Черта между «женой» и «любовницей» остается
Любовь Анны – высшая и единственная этическая ценность, которую порождает гибнущий мир. Это – высшая точка его развития, на которой он приобретает этическое качество и приходит в противоречие с самим собой, отрицает себя как внеэтический мир. Преступление любви Анны против мира нельзя рассматривать как преступление против чего-то заранее установленного. В самом преступлении впервые полагается тот нравственный закон, который преступается. Только в преступлении Анны мир становится подлежащим нравственной оценке как этически преступный мир.
Отсюда особенное качество конфликта романа. Неверность Стивы создает конфликтную ситуацию между Долли и гувернанткой как между женой и любовницей. Измена Анны создает конфликтную ситуацию между Вронским и Карениным как между «мужем» по любви и «мужем» по закону мира.
«… во сне» когда она (Анна. – В.Ф.) не имела власти над своими мыслями, ее положение представлялось ей во всей безобразной наготе своей. Одно сновидение почти каждую ночь посещало ее: «Ей снилось, что оба вместе были ее мужья, что оба расточали ей свои ласки. Алексей Александрович плакал, целуя, ее руки и говорил как хорошо теперь! И Алексей Вронский был тут же и он был также ее муж. И она удивляясь тому, что прежде ей казалось невозможным, объясняла им, смеясь, что зло гораздо проще и что они оба теперь довольны и счастливы. Но это сновидение, как кошмар, давило её, и она просыпалась с ужасом».
Эти конфликты решаются внешним образом: Каренин допускает механически «третьего», Вронский же механически его отрицает (дуэль). На механичность решения конфликта Стивы и Долли указывает слово «шов», которое употребляет повествователь, характеризуя отношения этих героев после примирения.
Уровень сюжета не позволяет разрешить конфликт Анны по существу. Он может быть решен только на уровне человеческих отношений, т. е. в большом диалоге.
В любви Анны мир достигает высоты человеческих отношений, и конфликт возникает между двумя человеческими стремлениями героини, создавая основу для её человеческой трагедии.
В любви Анны – жизненный нерв мира.
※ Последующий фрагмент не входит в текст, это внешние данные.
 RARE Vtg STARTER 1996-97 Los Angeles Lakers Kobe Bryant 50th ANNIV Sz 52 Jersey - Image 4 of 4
Все в романе приобретает свое настоящее значение только в соотношении с внутренним, душевным событием героини, и решительно все события романа причастны к этому трагическому событию.
Внешнее и внутреннее вообще теряют абсолютную границу. С одной стороны, решающее событие мира зреет и совершается во внутреннем мире Анны, все основные действующие силы сосредоточены в ней: она не только преступница, но и жертва преступления, и судья, и даже палач. Вне Анны решение конфликта невозможно. Конфликт между миром и Анной есть только
С другой стороны, внутренняя борьба героини происходит не во внешней пустоте. Она спроецирована вовне, в большой мир, и определяется в нем как борьба «за» Анну. Главными противниками в этой борьбе являются Константин Левин, с одной стороны, а с другой – весь мир Анны Карениной. Форма этой борьбы – большой диалог.
Попытки диалога миров Анны и Левина начинаются еще до преступления Анны, но, не имея почвы, не «завязываются» в большой диалог. Последний возможен лишь в той критической ситуации, в которую поставлен мир преступлением Анны. В душе Анны мир выходит из себя (отрицает себя), и в этой ситуации он может или погибнуть, или возродиться как мир Левина. Большой диалог – это форма диалектического процесса становления мира через отрицание себя как этически преступного мира в Анне и утверждение себя как мира, основанного на нравственном законе, в Левине.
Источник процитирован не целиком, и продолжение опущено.